The language employed in section 8267 is so clear, unambiguous and plain as not to require the aid of judicial construction in determining its meaning. That Mr. Justice Stewart in writing the opinion in Reed v. Richardson had no intention of applying the rule therein laid down to one occupying the status of a creditor is very evident from the fact that he stresses the fact that Richardson took title by foreclosure of the second mortgage and his quitclaim deed and by the following sentence: "One not a subsequent purchaser within the meaning of that section is not affected by it." Mr. Justice Anderson in writing the majority opinion in the case of First Nat. Bank of Whitefish v. Gutensohn, 97 Mont. 453, 37 P.2d 555, clearly recognizes the fact that a creditor who acquires title to the mortgaged premises during the duration of the mortgage lien is not in the same position as a subsequent purchaser or encumbrancer. We may in passing point out that if the rule in the Reed-Richardson Case is to be applied to the respondent Day, under the facts in this case, then it must necessarily follow that in construing the amendment made by the 1933 Legislative Assembly to section 8267 the same rule must be applied to all persons coming within the definition of the word "all" as used in the amendment. This obviously would mean a complete negation of the amended statute, rendering it completely ineffectual.

No question can be raised from the facts in this record as to the status of the respondent Day. He is an outright creditor. He owned an unsecured note, which he reduced to judgment. Upon this judgment he caused an execution to issue. A levy was made upon the property of the judgment debtor. The property was sold under execution and Day became the purchaser at the sheriff's sale. After the expiration of the year of redemption he received a sheriff's deed. His status from the moment he loaned the money to Thompson until the issuance to him by the sheriff of the deed was unchanged. It was and is that of a creditor. He claims, and is entitled to, the full force and benefit of section 8267, which has been held by all the decisions of this court to be not a recording statute, as appellant would have it appear, but a statute of limitations. ( Morrison v. Farmers' etc. State Bank, 70 Mont. 146, 225 P. 123; Skillen v. Harris, 85 Mont. 73, 277 P. 803; Jones v. Hall, 90 Mont. 69, 300 P. 232.)
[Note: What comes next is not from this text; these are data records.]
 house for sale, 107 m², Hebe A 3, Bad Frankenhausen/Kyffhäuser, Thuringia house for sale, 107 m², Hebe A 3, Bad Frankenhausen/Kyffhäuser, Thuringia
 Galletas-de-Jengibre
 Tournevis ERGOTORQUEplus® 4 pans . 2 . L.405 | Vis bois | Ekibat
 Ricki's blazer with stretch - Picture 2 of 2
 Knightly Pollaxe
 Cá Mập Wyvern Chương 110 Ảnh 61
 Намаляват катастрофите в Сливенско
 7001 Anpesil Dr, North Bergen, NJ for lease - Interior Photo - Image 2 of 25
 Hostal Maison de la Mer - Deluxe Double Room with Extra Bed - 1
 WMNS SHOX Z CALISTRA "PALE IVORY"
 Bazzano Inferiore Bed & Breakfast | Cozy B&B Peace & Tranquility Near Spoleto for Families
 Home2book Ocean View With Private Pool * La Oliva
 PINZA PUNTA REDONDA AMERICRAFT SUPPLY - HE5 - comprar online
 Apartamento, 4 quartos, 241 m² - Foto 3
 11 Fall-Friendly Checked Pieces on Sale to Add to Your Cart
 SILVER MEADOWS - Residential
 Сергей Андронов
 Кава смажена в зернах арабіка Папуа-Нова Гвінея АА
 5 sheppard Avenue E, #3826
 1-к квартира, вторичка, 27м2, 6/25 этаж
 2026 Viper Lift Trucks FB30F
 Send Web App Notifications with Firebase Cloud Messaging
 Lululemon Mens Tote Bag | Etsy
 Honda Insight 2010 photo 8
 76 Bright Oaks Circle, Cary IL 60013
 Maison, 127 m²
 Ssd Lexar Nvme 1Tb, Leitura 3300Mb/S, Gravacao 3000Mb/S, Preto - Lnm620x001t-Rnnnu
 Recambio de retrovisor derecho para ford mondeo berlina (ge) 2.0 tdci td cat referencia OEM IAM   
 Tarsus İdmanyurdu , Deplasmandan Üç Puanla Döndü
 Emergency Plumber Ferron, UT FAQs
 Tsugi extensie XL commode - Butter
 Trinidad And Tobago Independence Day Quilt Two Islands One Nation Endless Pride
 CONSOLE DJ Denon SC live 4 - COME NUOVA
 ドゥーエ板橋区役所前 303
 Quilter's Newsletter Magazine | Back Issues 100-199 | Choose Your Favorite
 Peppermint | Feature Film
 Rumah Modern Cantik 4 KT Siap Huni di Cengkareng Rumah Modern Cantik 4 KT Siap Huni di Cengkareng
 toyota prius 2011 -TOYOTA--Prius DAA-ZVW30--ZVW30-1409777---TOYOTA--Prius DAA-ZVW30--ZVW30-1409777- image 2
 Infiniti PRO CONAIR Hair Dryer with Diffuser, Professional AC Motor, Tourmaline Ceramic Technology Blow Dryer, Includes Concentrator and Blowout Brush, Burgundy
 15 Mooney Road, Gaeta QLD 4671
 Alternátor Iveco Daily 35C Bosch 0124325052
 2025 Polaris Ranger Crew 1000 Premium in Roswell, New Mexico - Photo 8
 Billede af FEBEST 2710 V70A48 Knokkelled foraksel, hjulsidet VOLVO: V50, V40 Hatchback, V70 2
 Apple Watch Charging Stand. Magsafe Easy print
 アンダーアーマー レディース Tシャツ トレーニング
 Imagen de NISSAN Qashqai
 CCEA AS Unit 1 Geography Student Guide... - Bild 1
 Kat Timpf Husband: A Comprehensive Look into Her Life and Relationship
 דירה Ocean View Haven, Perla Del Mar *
The appellant, through failure to either renew or extend the lien of its mortgage by filing the affidavit provided by section 8267, or by entering into a valid extension agreement with the mortgagors as provided by section 8264, permitted its mortgage lien to expire. Day, a creditor, having acquired during the period of the existence of appellant's mortgage lien an interest in the property, automatically became invested with all of the right, title, lien, claim and interest of the defendant Henry Thompson the moment that appellant's mortgage lien expired.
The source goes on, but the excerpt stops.